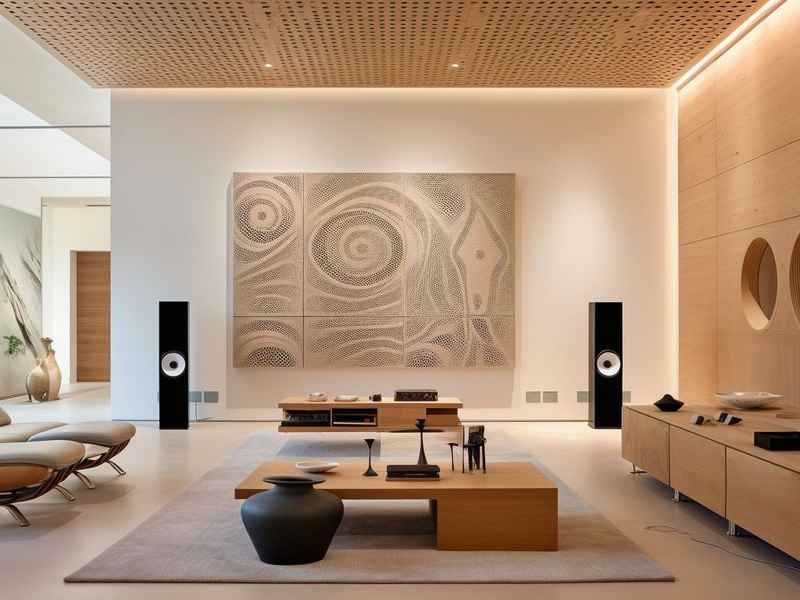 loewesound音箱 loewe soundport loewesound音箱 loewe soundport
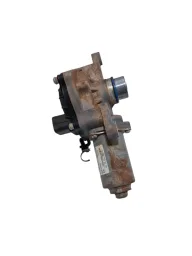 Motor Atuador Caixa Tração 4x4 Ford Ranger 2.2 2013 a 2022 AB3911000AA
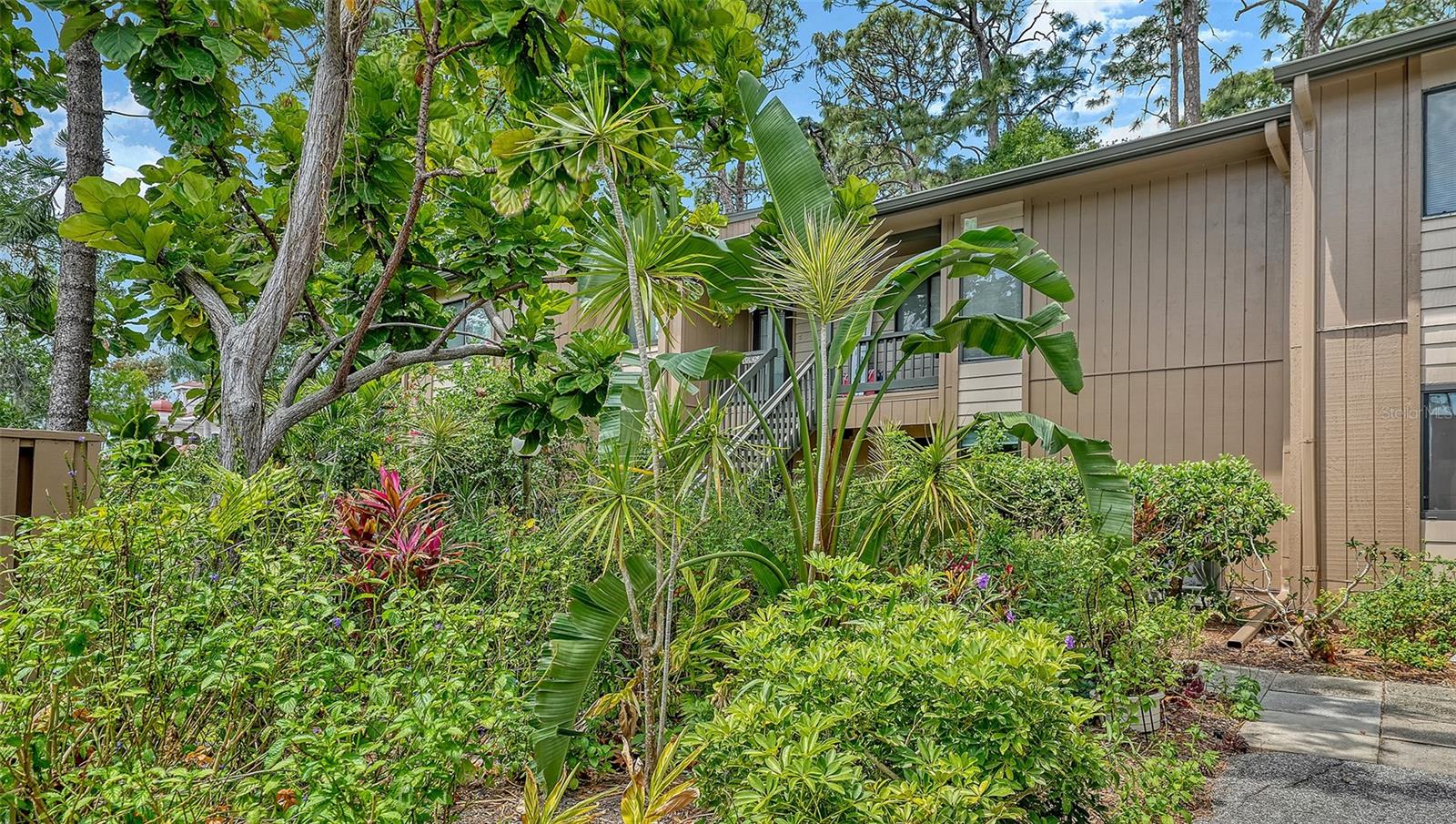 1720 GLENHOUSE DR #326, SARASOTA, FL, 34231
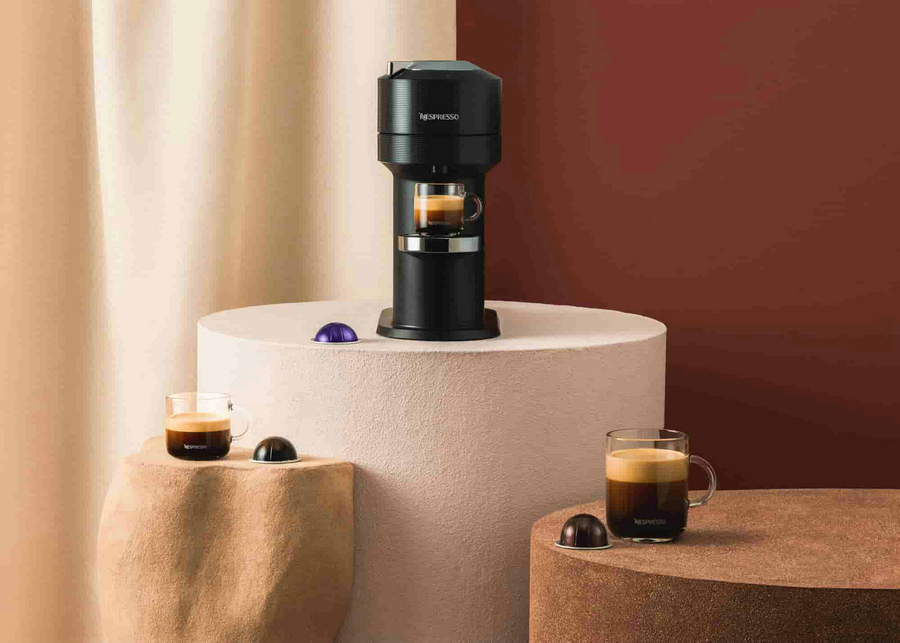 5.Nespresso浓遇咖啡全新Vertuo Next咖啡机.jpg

#### Prompt:
Exclude every picture and restate the listing word for word.

#### Problem solution:
 loewesound音箱 loewe soundport loewesound音箱 loewe soundport
 Motor Atuador Caixa Tração 4x4 Ford Ranger 2.2 2013 a 2022 AB3911000AA
 1720 GLENHOUSE DR #326, SARASOTA, FL, 34231
 5.Nespresso浓遇咖啡全新Vertuo Next咖啡机.jpg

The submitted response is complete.